One parameter to note is the vocabulary size (`n_vocab`). The GPT-2 tokeniser has a default vocabulary size of 50,257, but for training on a GPU, it is helpful to use numbers that are more hardware-friendly. Specifically, numbers with many factors of 2 can lead to more efficient computation. To achieve this, we set the vocabulary size to 50,304, which is slightly larger than needed but has many factors of 2. Note that the extra tokens will not be used in practice — they simply act as placeholders without meaningful embeddings.
%% Cell type:markdown id: tags:
### Model
%% Cell type:markdown id: tags:
Next, we set up the GPT model. Our goal is to match the original training setup of GPT-2 as closely as possible. To do this, we follow the initialisation strategy outlined in the key research papers about GPT ([Radford et al., 2018](https://cdn.openai.com/research-covers/language-unsupervised/language_understanding_paper.pdf); [Radford et al., 2019](https://cdn.openai.com/better-language-models/language_models_are_unsupervised_multitask_learners.pdf); [Brown et al., 2020](https://arxiv.org/pdf/2005.14165)) as well as the official implementation ([link](https://github.com/openai/gpt-2)). Here is a summary of this strategy:
* Token embeddings → Normal distribution with mean $0$ and variance $0.02$.
* Position embeddings → Normal distribution with mean $0$ and variance $0.01$.

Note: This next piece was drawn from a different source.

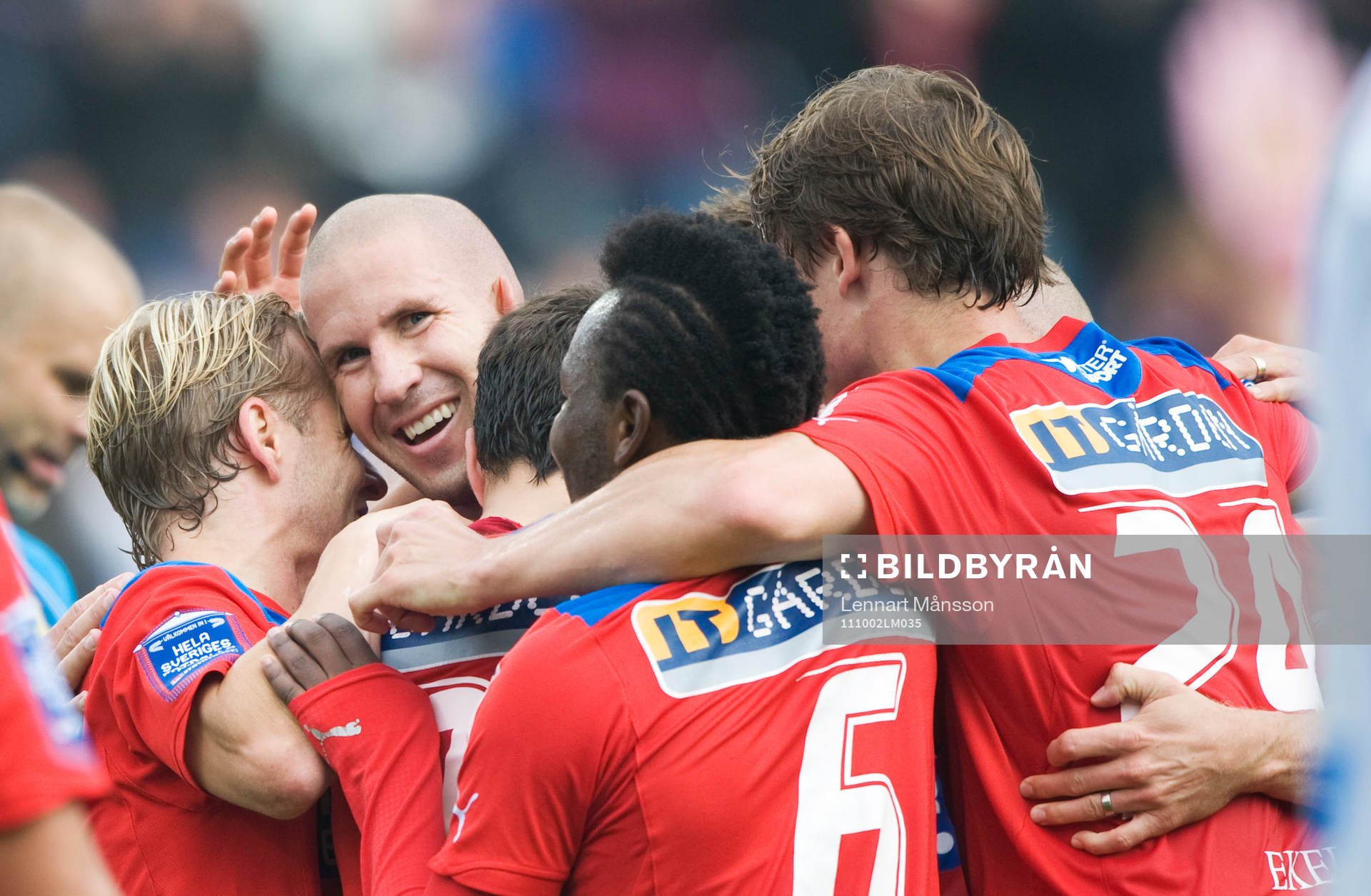 1-0 Mattias Lindström, Helsingborg, jubel, glädje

* Weights of the linear layers → Normal distribution with mean $0$ and variance $0.02$.
* Biases of the linear layers → Initialised to zeros.
* Weight sharing between the final linear layer and the token embedding.
%% Cell type:markdown id: tags:
#### 🎈 Task 3.02: Initialising the model
Expand the skeleton code below to create a fresh model and initialise it according to the GPT-2 strategy.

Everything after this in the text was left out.